### [EXERCISE]
Exactly and only the lines from the one with "1999_-_Treasure_Island_mp43183.jpg" through the last line of the records need to be set down; please skip the pictures.
[Opening RECORDS FOR PROCESSING section]
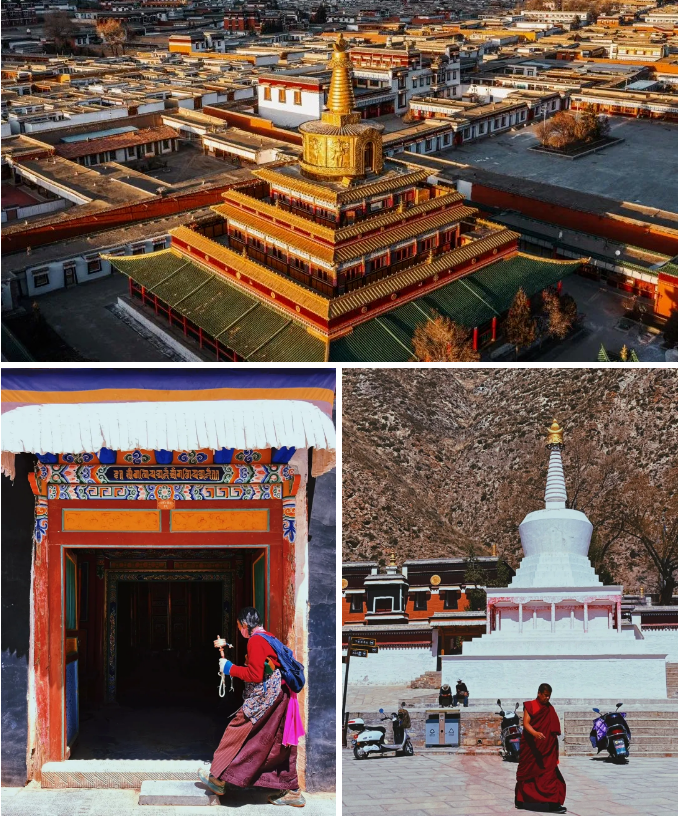 1754380701184202.png 3b85f4bcfcbaaf1ed4f555d6c45cd04.png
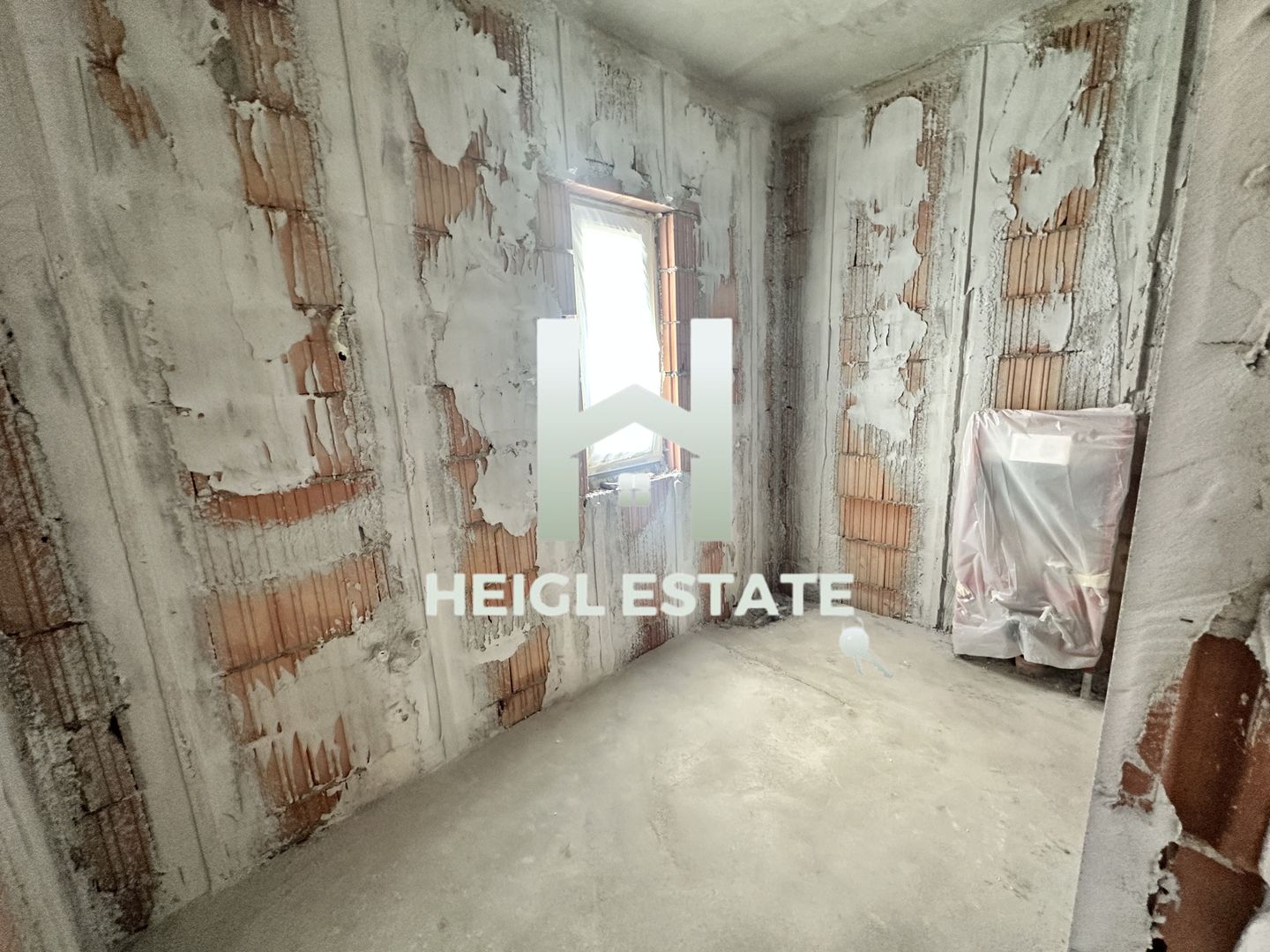 Heigl Estate vă propune un duplex separat prin camera tehnica in Mosnita noua - Poză 5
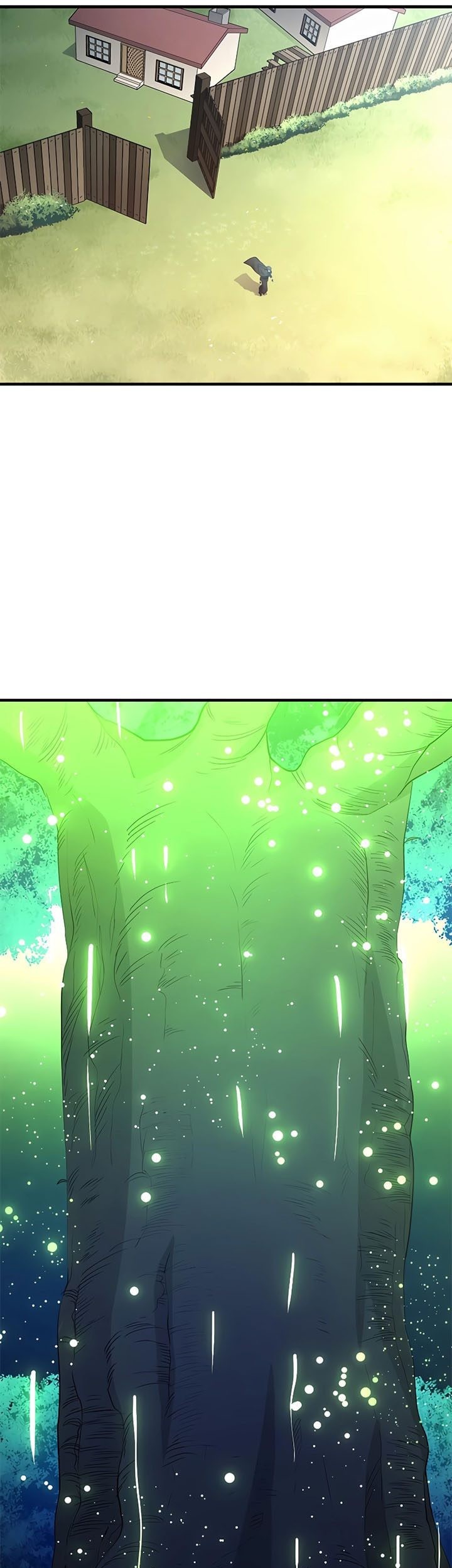 The Tutorial is Too Hard Chapter 149 Gambar 31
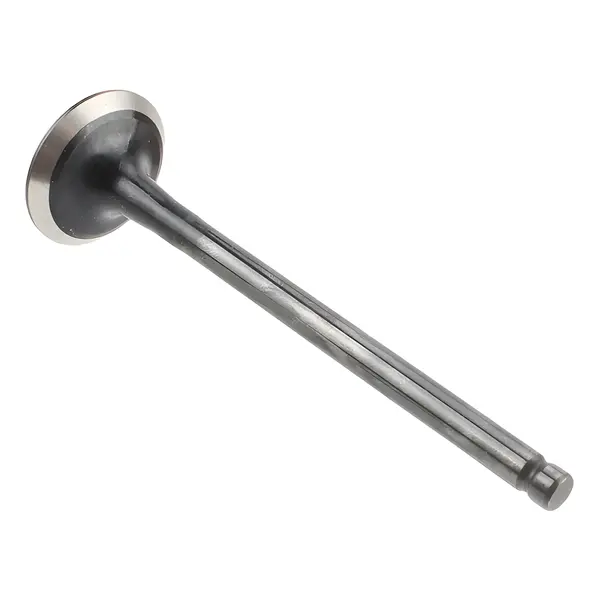 Valvula Admissao H100 2.5L para Hyundai — 2221142220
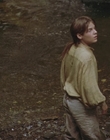 1999_-_Treasure_Island_mp43183.jpg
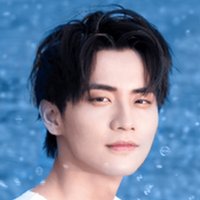 陳鑫海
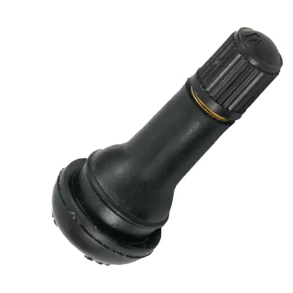 Ventil slangel�s �12-14MM 4,5cm lang 12-14mm x 45mm high
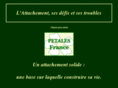 petalesfrance.fr
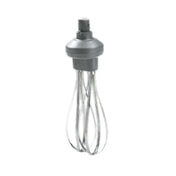 Sirman 66209000 Hand-Held Mixer Whisk 15" VORTEX Stainless Steel
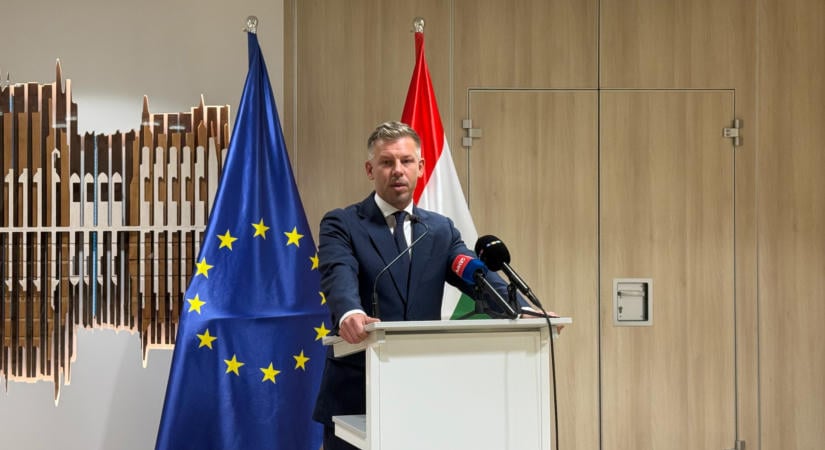 Tisza-kormány: szünetet tart a parlament, de a kormány nem pihen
[Closing RECORDS FOR PROCESSING section]
### [SOLUTION BELOW]
 1999_-_Treasure_Island_mp43183.jpg
 陳鑫海
 Ventil slangel�s �12-14MM 4,5cm lang 12-14mm x 45mm high
 petalesfrance.fr
 Sirman 66209000 Hand-Held Mixer Whisk 15" VORTEX Stainless Steel
 Tisza-kormány: szünetet tart a parlament, de a kormány nem pihen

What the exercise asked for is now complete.